Zijn toespraak was niet nostalgisch bedoeld. Het pleit ook niet voor economisch isolationisme of om ons nationalistisch op onszelf terug te trekken. Hij streeft naar duidelijke economische soevereiniteit: produceer wat je lokaal kunt, importeer wat je nodig hebt, maar behoud de controle over de waardeketen.


Een gebrek aan resolute politieke keuzes


Hij zou ook graag een vermindering van de bureaucratie zien en bij onze politici wat meer visie op de industrie. Hij geeft toe dat hij zich ook ergert aan de buitensporige Europese regelgeving, vooral als ze ten koste gaat van onze daadkracht. Hij dringt er bij politieke besluitvormers op aan om duidelijke keuzes te maken: identificeer twee of drie belangrijke industriële prioriteiten en investeer daar massaal in om een echt hefboomeffect te creëren.

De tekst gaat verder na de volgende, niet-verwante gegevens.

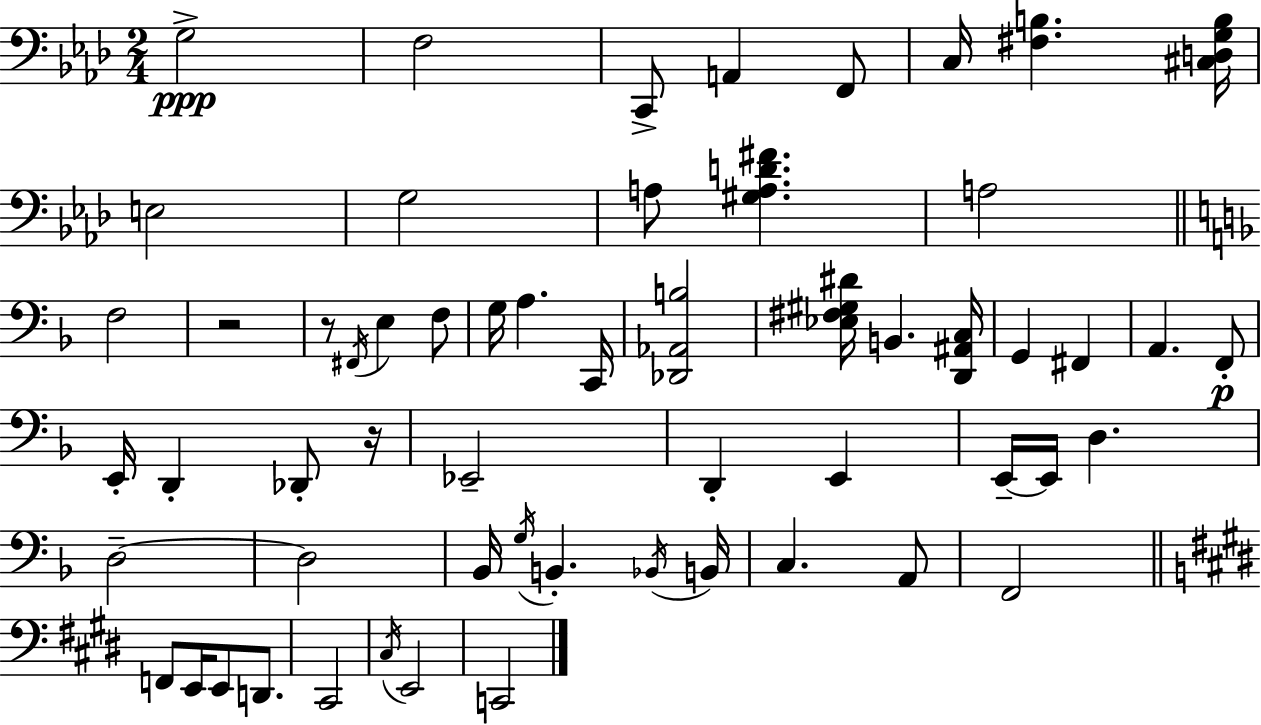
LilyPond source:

{
  \clef bass
  \numericTimeSignature
  \time 2/4
  \key aes \major
  g2->\ppp | f2 | c,8-> a,4 f,8 | c16 <fis b>4. <cis d g b>16 | \break e2 | g2 | a8 <gis a d' fis'>4. | a2 | \break \bar "||" \break \key d \minor f2 | r2 | r8 \acciaccatura { fis,16 } e4 f8 | g16 a4. | \break c,16 <des, aes, b>2 | <ees fis gis dis'>16 b,4. | <d, ais, c>16 g,4 fis,4 | a,4. f,8-.\p | \break e,16-. d,4-. des,8-. | r16 ees,2-- | d,4-. e,4 | e,16--~~ e,16 d4. | \break d2--~~ | d2 | bes,16 \acciaccatura { g16 } b,4.-. | \acciaccatura { bes,16 } b,16 c4. | \break a,8 f,2 | \bar "||" \break \key e \major f,8 e,16 e,8 d,8. | cis,2 | \acciaccatura { cis16 } e,2 | c,2 | \break \bar "|."
}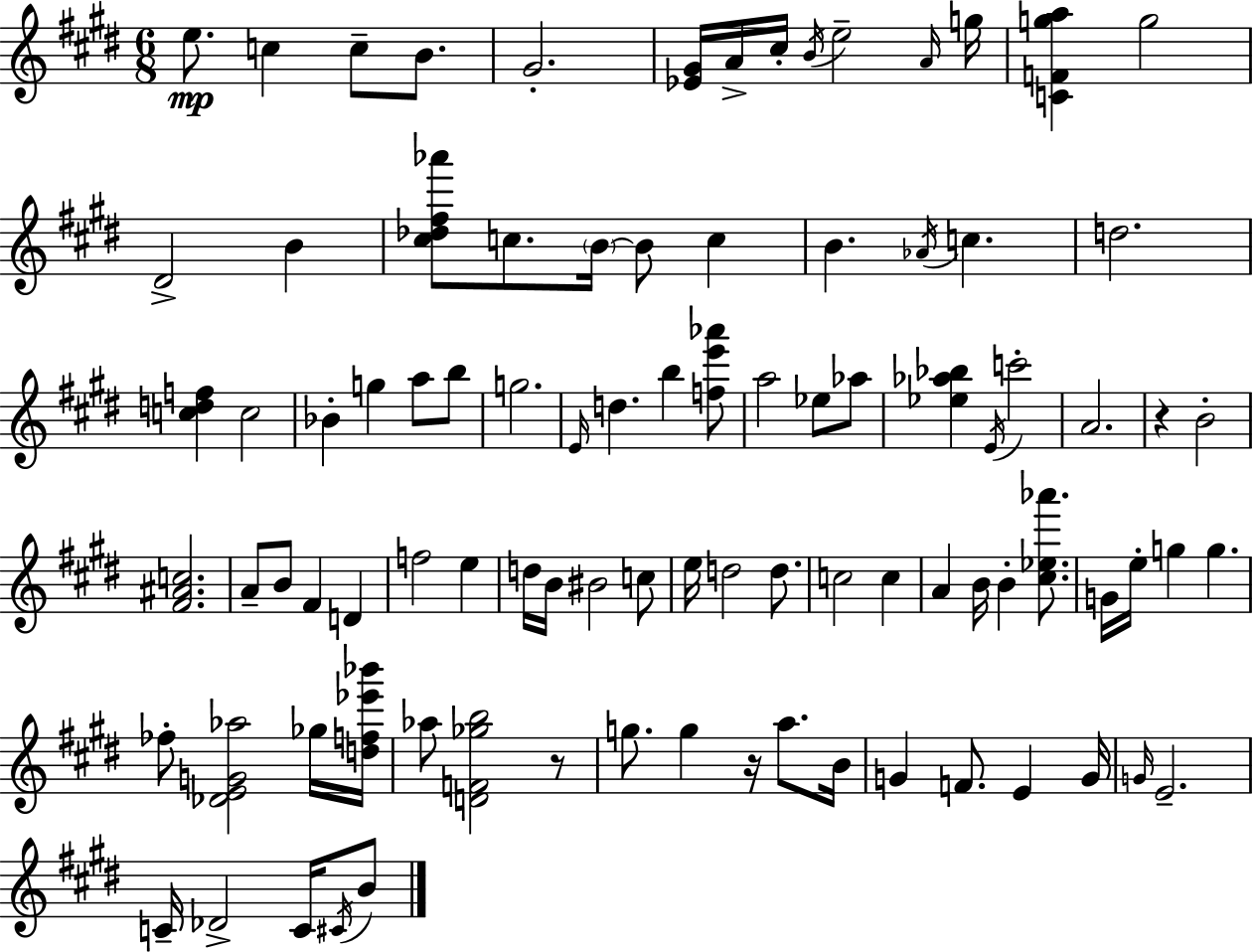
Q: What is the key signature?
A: E major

Zijn carrière en zakelijke beslissingen maken Olivier Dallemagne tot een man van het terrein die niet vleit of verwijten maakt maar voorstellen doet. “Er is nog tijd om de juiste keuzes te maken. En het begint allemaal met wat we besluiten te kopen, verkopen en ondersteunen.” Een essentieel recept voor een Europese industrie die meester blijft over haar eigen lot.


Olivier Dallemagne nodigt niet alleen politici maar ook burgers uit om het Europese project opnieuw naar zich toe te trekken, in het bijzonder door lokale bedrijven en continentale knowhow te promoten. “Het is hoog tijd voor Europa om wakker te worden”, verklaarde hij onomwonden. “Klagen over de excessen van de Verenigde Staten volstaat niet. We moeten actie ondernemen. En die actie begint voor onze deur. Meer dan 90% van de Belgische industrie bestaat uit kmo’s. Hier ligt de toekomst. ” Doorgeven, ondersteunen, begeleiden. Het hoofd van CEGES is nog geen 60 maar besteedt almaar meer energie aan het helpen van jonge ondernemers bij hun start, bij overnames en om waarde te creëren. “En als ik ze tijd kan laten besparen door ze over mijn eigen fouten te vertellen, is dat nog beter. ”


ree


De trend van ‘minder maar beter’


Vanuit zijn positie als groothandelaar ziet het hoofd van CEGES ook transformatieve trends, niet in de geopolitiek, maar bij de consument. Met een verschuiving naar wat hij minder maar beter noemt.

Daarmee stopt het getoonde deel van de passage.